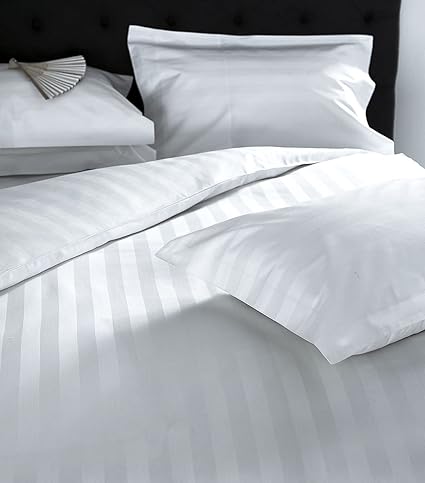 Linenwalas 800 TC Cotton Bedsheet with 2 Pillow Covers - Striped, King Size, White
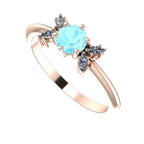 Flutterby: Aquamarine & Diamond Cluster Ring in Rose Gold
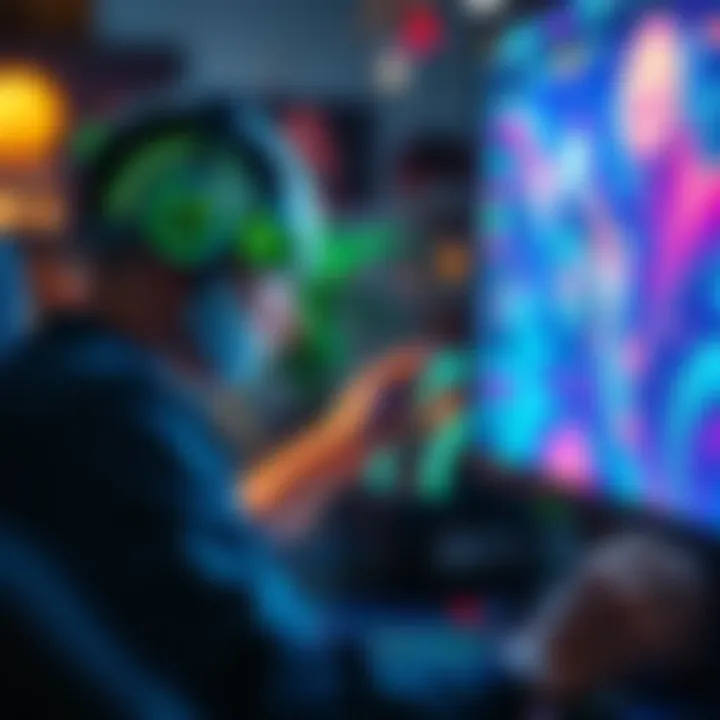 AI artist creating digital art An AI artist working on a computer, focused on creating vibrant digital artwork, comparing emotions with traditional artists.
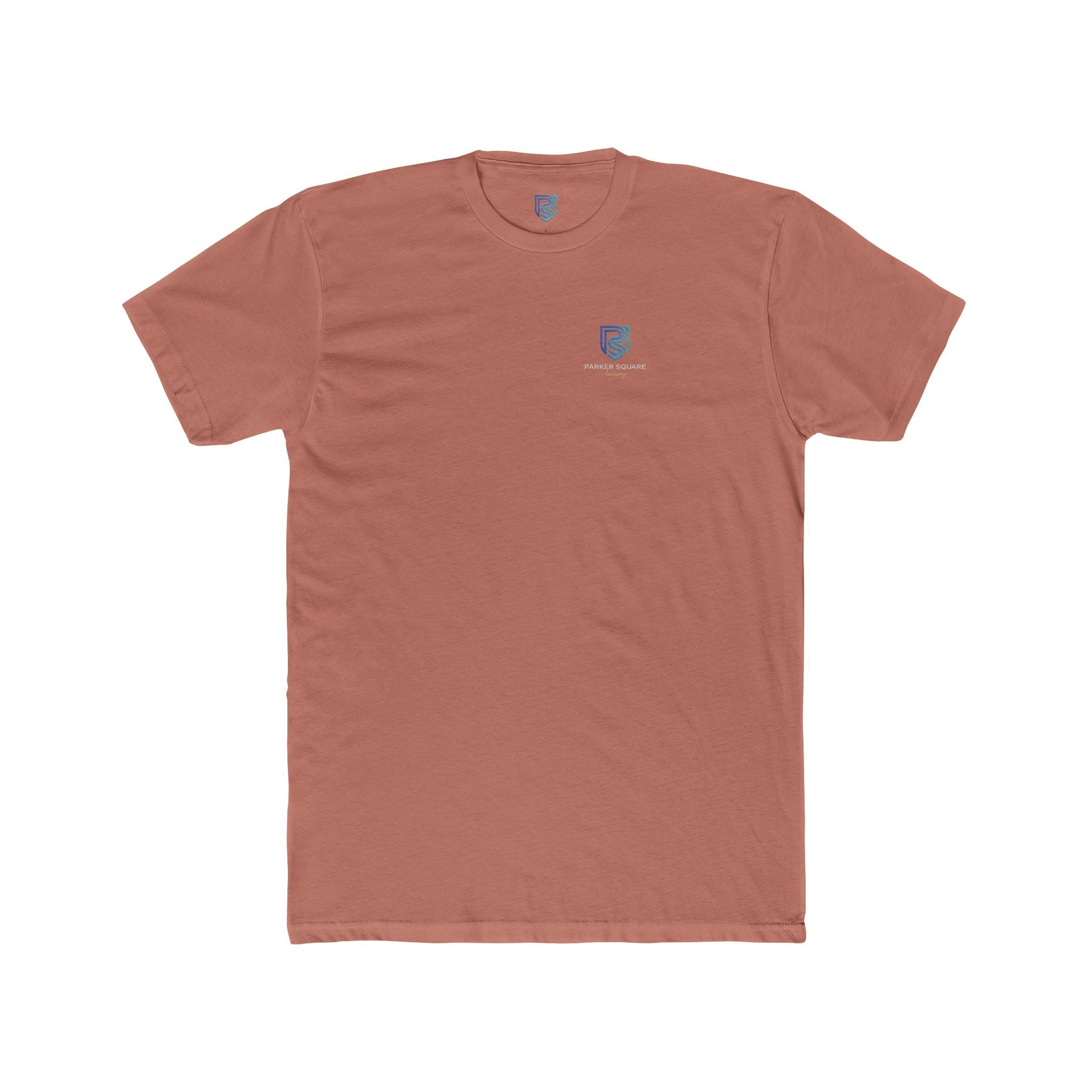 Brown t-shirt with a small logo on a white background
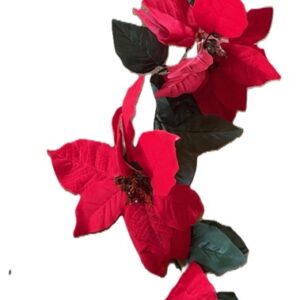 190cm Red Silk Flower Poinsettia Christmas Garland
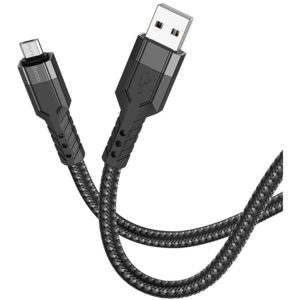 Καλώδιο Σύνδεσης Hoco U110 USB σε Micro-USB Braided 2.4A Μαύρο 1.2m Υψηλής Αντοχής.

--

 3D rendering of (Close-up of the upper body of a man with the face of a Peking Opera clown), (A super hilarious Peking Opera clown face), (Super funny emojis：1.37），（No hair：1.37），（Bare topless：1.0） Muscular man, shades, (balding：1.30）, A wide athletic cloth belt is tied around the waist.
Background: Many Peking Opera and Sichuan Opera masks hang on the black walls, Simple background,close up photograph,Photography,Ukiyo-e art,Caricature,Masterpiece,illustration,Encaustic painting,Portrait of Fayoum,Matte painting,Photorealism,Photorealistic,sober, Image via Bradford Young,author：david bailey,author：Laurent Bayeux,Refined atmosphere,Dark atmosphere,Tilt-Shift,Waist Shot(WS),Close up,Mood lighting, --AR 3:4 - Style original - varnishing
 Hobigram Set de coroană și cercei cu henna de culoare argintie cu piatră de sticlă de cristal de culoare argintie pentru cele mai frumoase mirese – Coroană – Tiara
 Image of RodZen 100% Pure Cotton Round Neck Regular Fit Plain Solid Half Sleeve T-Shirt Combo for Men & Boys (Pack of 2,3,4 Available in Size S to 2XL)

== ACTION ITEM ==
Nothing but the lines from the one with "Linenwalas 800 TC" to the one with "Καλώδιο Σύνδεσης Hoco" above, both included, should be transcribed, exactly and without pictures.

== TASK ANSWER ==
 Linenwalas 800 TC Cotton Bedsheet with 2 Pillow Covers - Striped, King Size, White
 Flutterby: Aquamarine & Diamond Cluster Ring in Rose Gold
 AI artist creating digital art An AI artist working on a computer, focused on creating vibrant digital artwork, comparing emotions with traditional artists.
 Brown t-shirt with a small logo on a white background
 190cm Red Silk Flower Poinsettia Christmas Garland
 Καλώδιο Σύνδεσης Hoco U110 USB σε Micro-USB Braided 2.4A Μαύρο 1.2m Υψηλής Αντοχής.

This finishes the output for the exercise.